Khongjom Day on 23 April is a state holiday in Manipur. It is one of the few annual commemorations in India dedicated specifically to a military defeat, recognising that courage in a lost cause deserves as much remembrance as victory.

The martial art Thang-ta, the traditional sword and spear combat system of the Meitei people, is the same fighting tradition that Paona Brajabasi’s soldiers carried into the Battle of Khongjom. It is still practised in Manipur today and was recognised by the Sangeet Natak Akademi as a classical Indian martial art.

Ethel Grimwood, the wife of the British Resident who escaped the burning of the Residency in March 1891 CE, wrote a first-hand account of the events called My Three Years in Manipur. It remains one of the most widely read primary sources on the Anglo-Manipuri War from the British perspective.

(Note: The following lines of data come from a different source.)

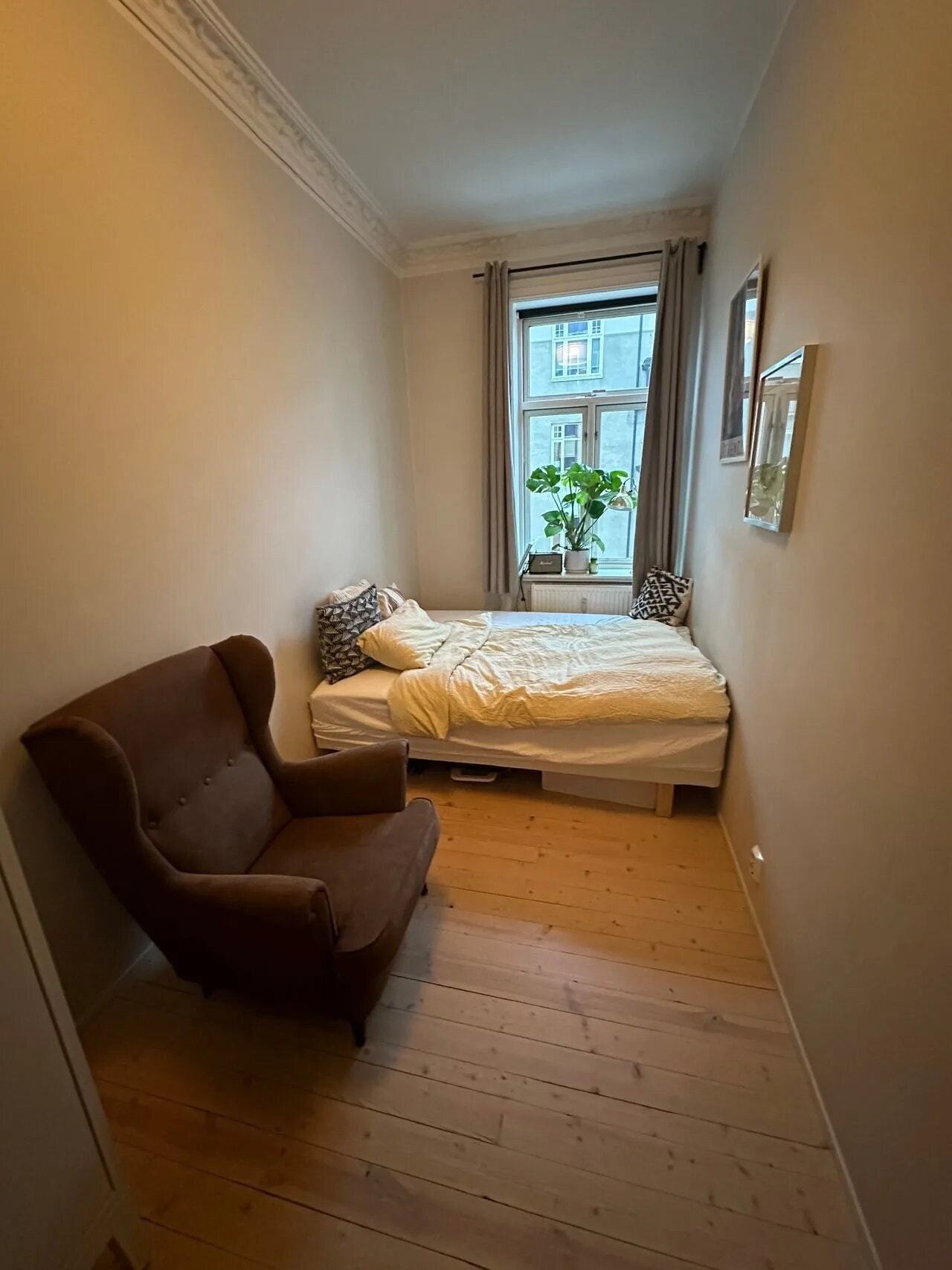 Pent 12 kvm rom Galleribilde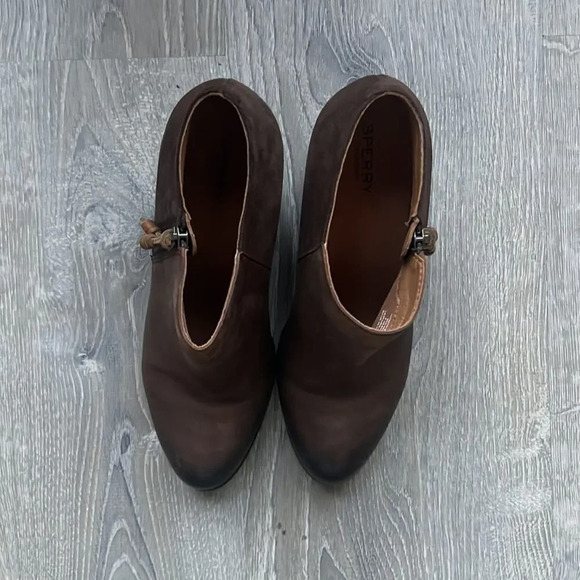 Sperry Top-Sider Dasher Lille Dark Ankle Bootie, Brown - Picture 3 of 10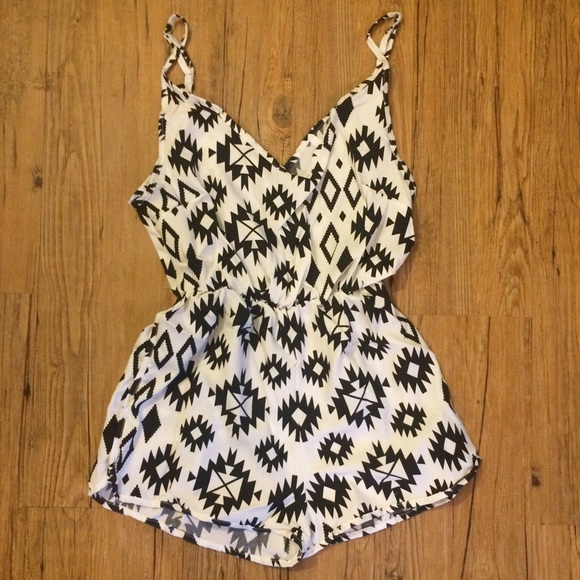 **Brand New** Black & White Printed Romper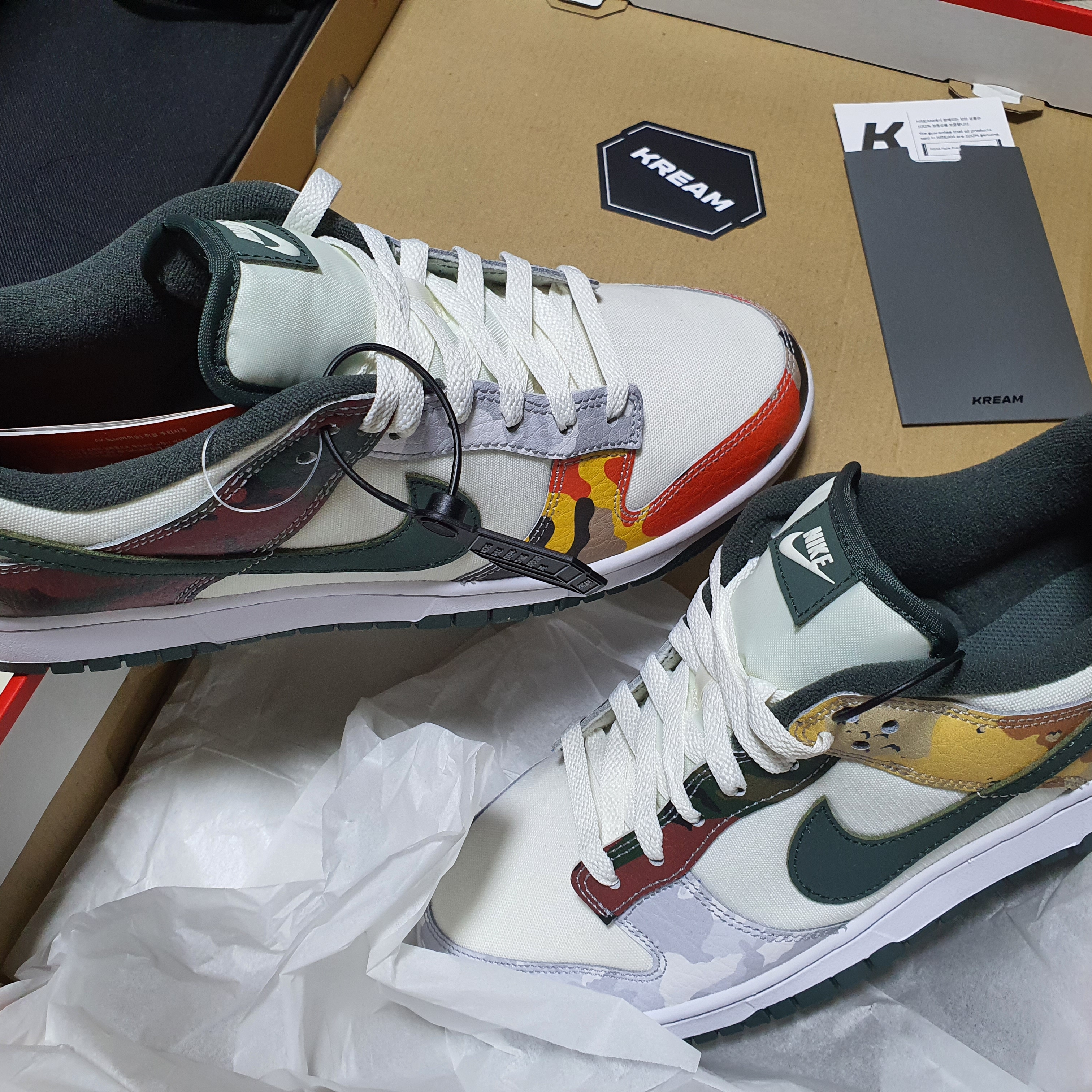Nike Dunk Low SE Sail Multi Camo 착용 스타일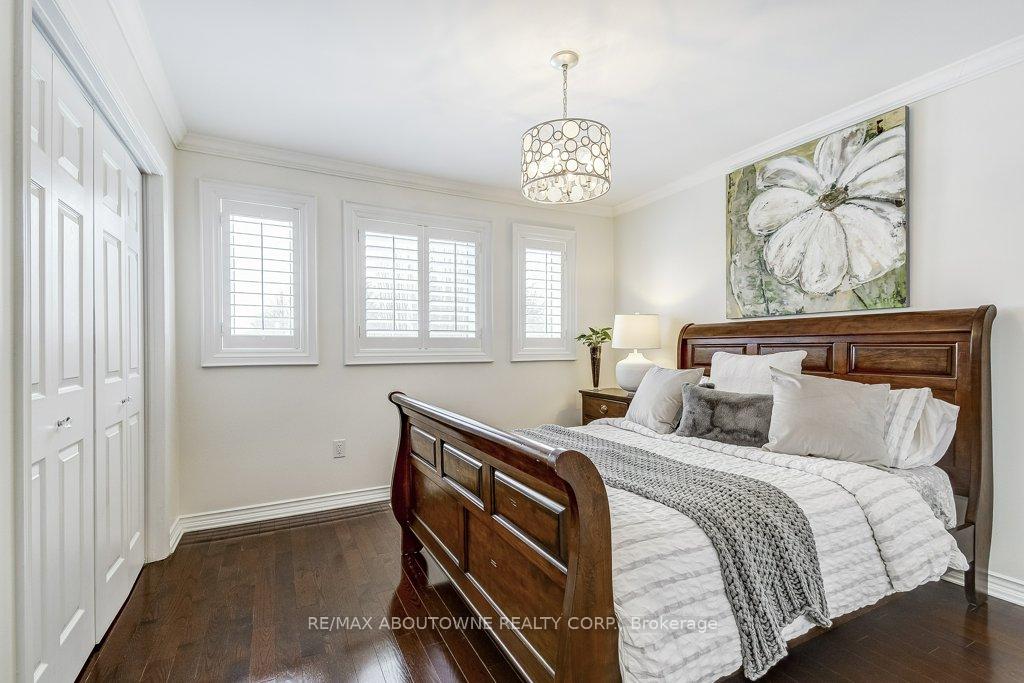 Photo 26 of 2080 Mckerlie Crescent, Burlington, Rose — HOMEH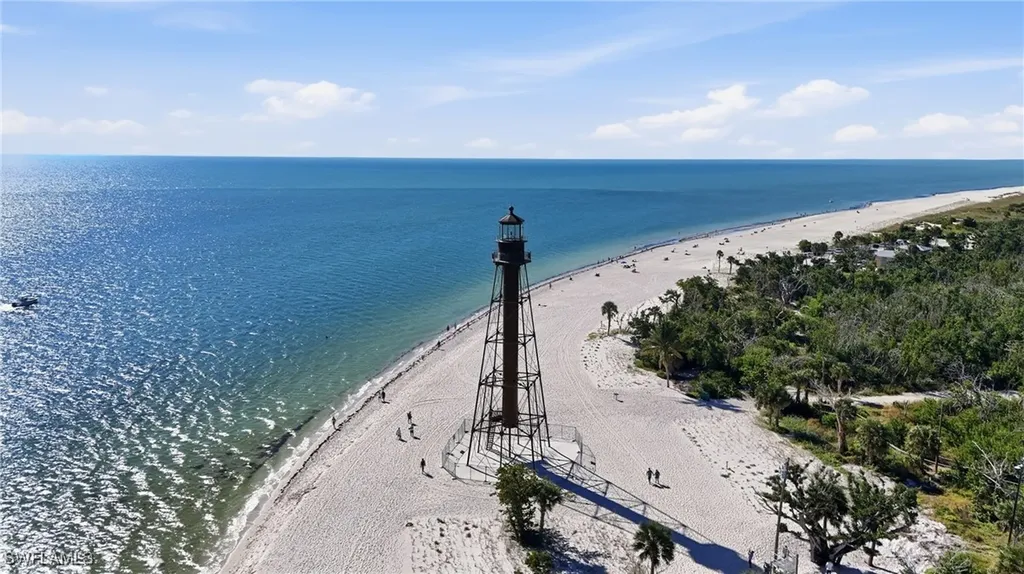 200 Periwinkle Way Sanibel FL 33957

Manipuri classical dance, which uses the same graceful and disciplined body language that the Meitei people developed over centuries of cultural refinement, was recognised by the Government of India as one of the eight classical dance forms of the country, joining Sattriya from Assam in representing the northeast in the national canon of classical arts.

The public execution of Tikendrajit Singh and Thangal General in August 1891 CE was witnessed by a large crowd in Imphal. British records noted that the two men showed no visible fear. Manipuri tradition holds that Tikendrajit recited a poem before his death. Whether or not this is historically precise, it captures something true about how Manipur remembers him.

Manipur remained a princely state under British paramountcy from 1891 until 1947. It then became an independent princely state after Indian independence before being controversially merged into the Indian Union in 1949 CE, a process that remains a subject of deep historical and political sensitivity in Manipur to this day.

Conclusion

The last stand at Khongjom was lost before it began. Paona Brajabasi knew that. The men who stood with him on that hill on 23 April 1891 CE almost certainly knew it too. A hill defended by soldiers with swords and old rifles against an artillery-equipped British column advancing with the resources of an empire behind it was not a fair contest. It was never meant to be. What it was instead was a statement. A statement that the Imphal Valley was not empty territory that the British could simply walk into and reorganise according to their preferences. That it was a place with a history, a people, a set of traditions and loyalties and loves that went back a thousand years and that those things were worth dying for. Paona Brajabasi made that statement with his life. Manipur has been making it every 23rd of April ever since.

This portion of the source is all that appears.